Just over a week after my freezing adventures in the Mountains of South Wales, I found myself cold again but on two of the flattest walks possible.
Our walks along ‘The Mendip Ring’ have reached the flat land between the Mendips and the Blackdown Hills. The ‘levels’ are marine clay flatlands close to the coast, inland the soil is peaty and these are the ‘moors’. This stage starts in Rodney Stoke and crosses the Moors to Westhay Nature reserve. We walked the route over two days.
On Saturday 24th three of us started our walk by the church in Rodney Stoke. It was cold but the sun was shining and the sky was blue and cloudless. The route took us to the banks of the young River Axe, we walked alongside as it wriggled about, collecting litter and trying to identify footprints in the mud as we went.

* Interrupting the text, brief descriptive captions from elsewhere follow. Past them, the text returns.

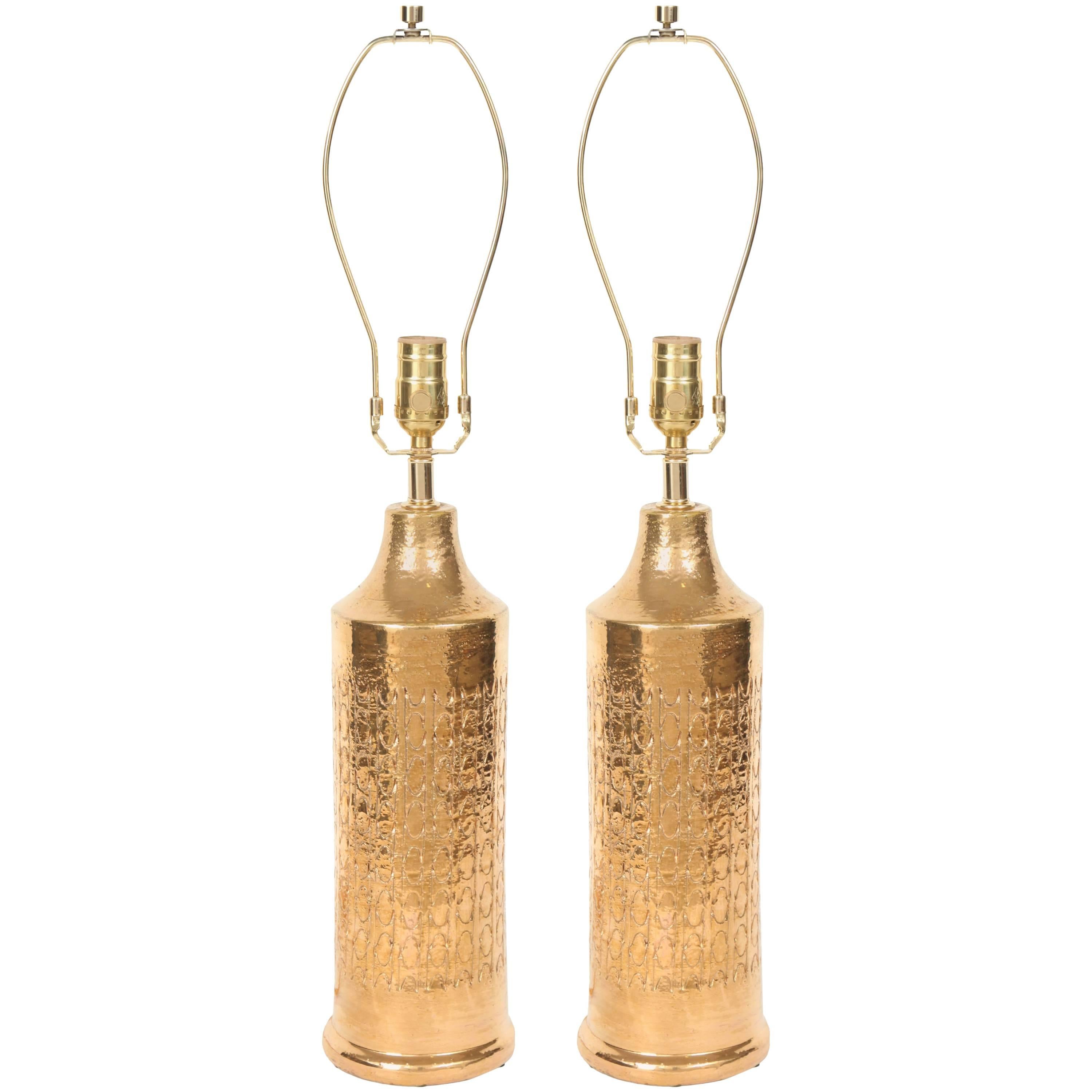 Bitossi Gold Glazed Ceramic Lamps 
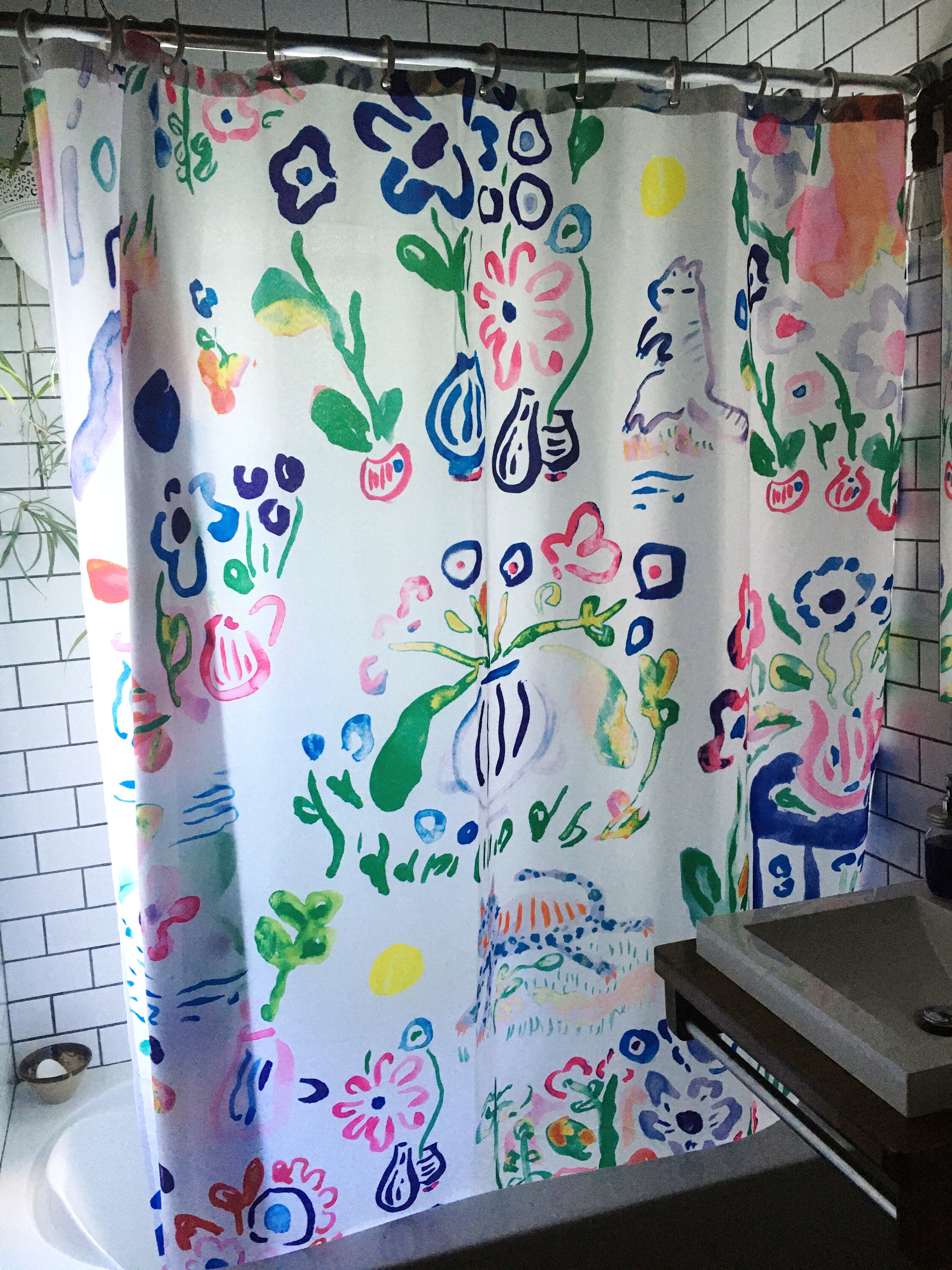 White Floral Quality Shower Curtain Set with Waterproof and Washable Material for Bathroom Decor Artwork by Artist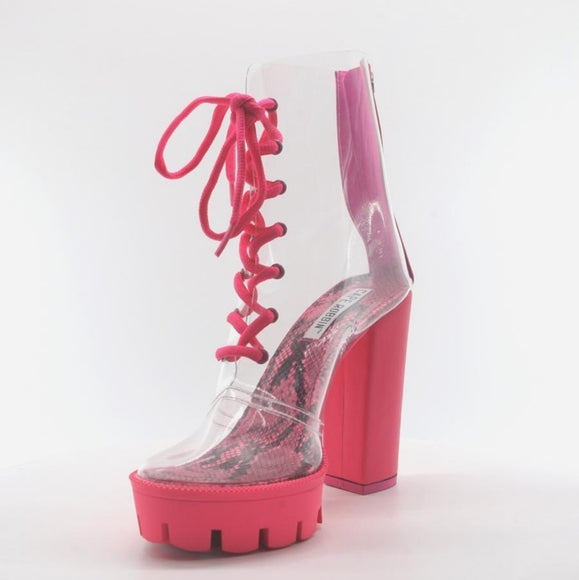 Womens Pink Brooklyn Clear chunky high heel Ankle Boots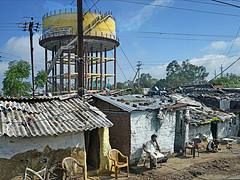 Le quartier autour de l'ex-usine Union Carbide à Bhopal (Inde)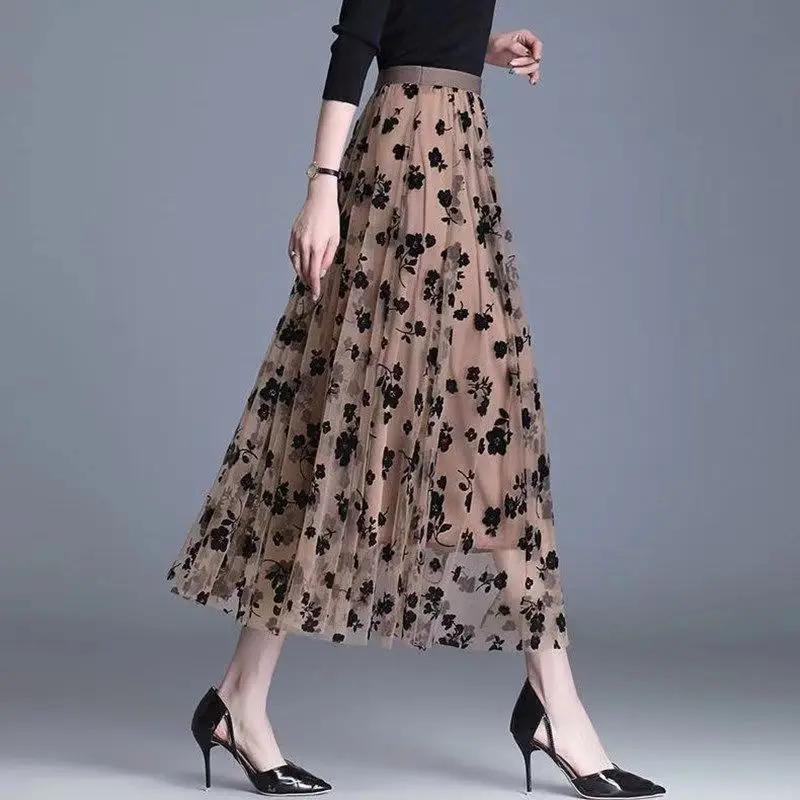 Femmes coréennes jupe en Tulle mode été crochet Floral jupe Midi ample élégant femme décontracté tou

It was very relaxing and very easy walking. We had big views as the empty fields are separated by ditches, called rhynes, leaving nothing to get in the way of the sky. We paused for a snack on a convenient bench complete with daffodils before starting the ascent between two small hill crossing the old ‘strawberry line’ railway to arrive at Westbury Sub Mendip just 120 feet higher. The sun had warmed the frozen ground allowing the top inch or so of soil to thaw and become sticky and slippery, although only a very slight slope it was the most difficult walking of the day.
At the top of the slope
Leaving the Mendip Ring we headed back towards Rodney Stoke. Up off the moors we were amongst hedgerows sprinkled with primroses and celandines, unfortunately the muck spreader in the next field overwhelmed any fragrance they might have held.
The circular route was 6 miles long and 121 feet of ascent in total.

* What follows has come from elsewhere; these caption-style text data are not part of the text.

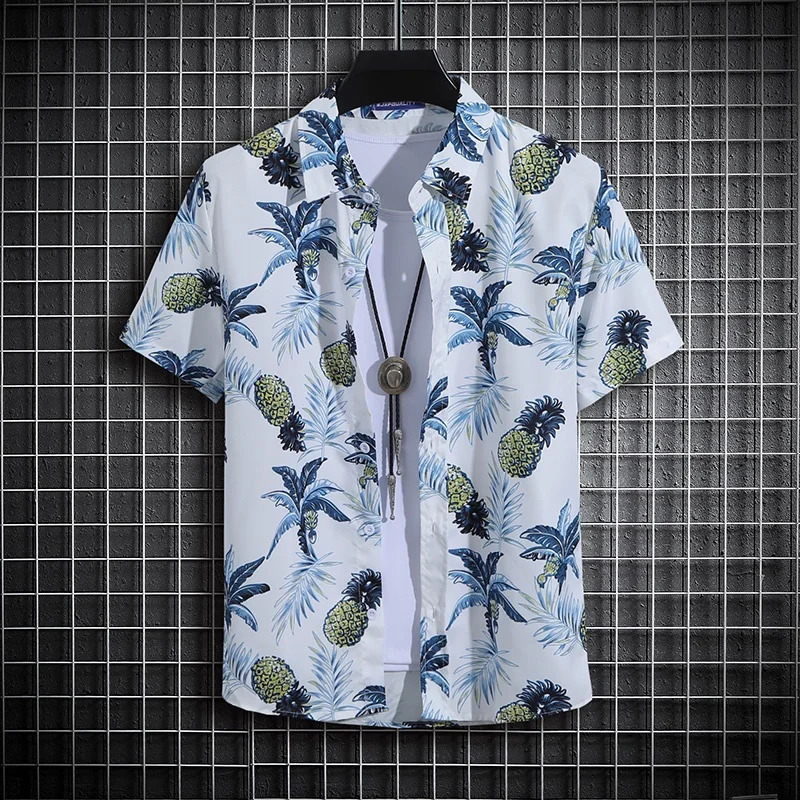 Mens Summer Short Sleeve Printed Shirt Thin Beach Shirt Mens Clothing Turtle Neck Polo Shirt for Men Casual Top 240410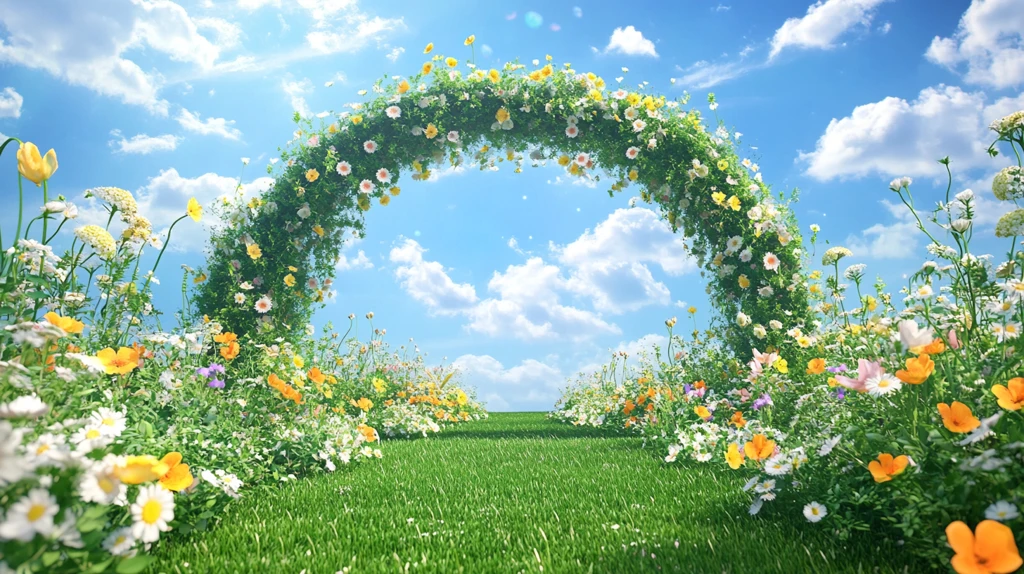 唯美梦幻花田场景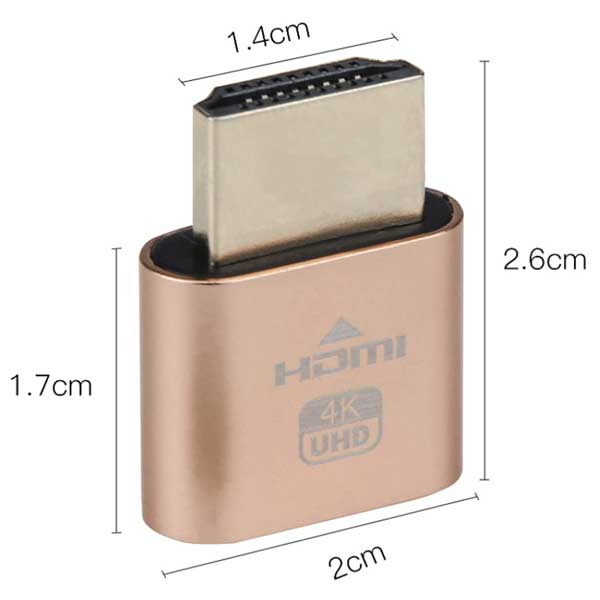 HDMIダミープラグ　2個　HDMI　プラグアンドプレイ　仮想　送料無料　ディスプレイ　リモートワーク　ディスプレイ　4K　@60Hz　バーチャル　モニター　プロジェクター　低消費電力　熱なし　コンパクト　携帯便利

Sunday was colder and sunnier. Again three of us were walking, myself and two different companions. We started from Westbury sub Mendip, leaving the car in an industrial estate, hoping it would not be in the way on a Sunday. We were quickly into fields, glad of the frost, we would have been a lot slower if it had not hardened the mud for us. We crossed the Axe, even more junior than yesterday and joined a road.
Today’s walk saw a lot of road work, and straight roads too. The romans had been here but the straightness is because the roads follow the rhynes. Fortunately the roads were very quiet and any cars could be seen coming from some way back. On the smooth tarmac we made good time and very quickly got to the footbridge leading us back onto grass.
Two fields later we were climbing our only hill for the day. All of 34 feet, but steep. Over the top we sat in the shelter of some thorn bushes and sat down to eat lunch and contemplate the view across green flat fields to the A39 on the ridge that is the Polden Hills, some miles away.
Snacks on the Hill.
We rejoined tarmac and walked on the roads, shocked at the amount of rubbish which had been dumped along the side of this tiny quiet lane, some way from any town, until we turned off to walk along a track to Westhay Nature Reserve where our walk ended. The sun had brought people out and the reserve was busy, deservedly so. I have put a return visit to look at the hides and information boards on my to do list. We had left a car here earlier in the morning and drove home. 6 miles and 34 feet of ascent.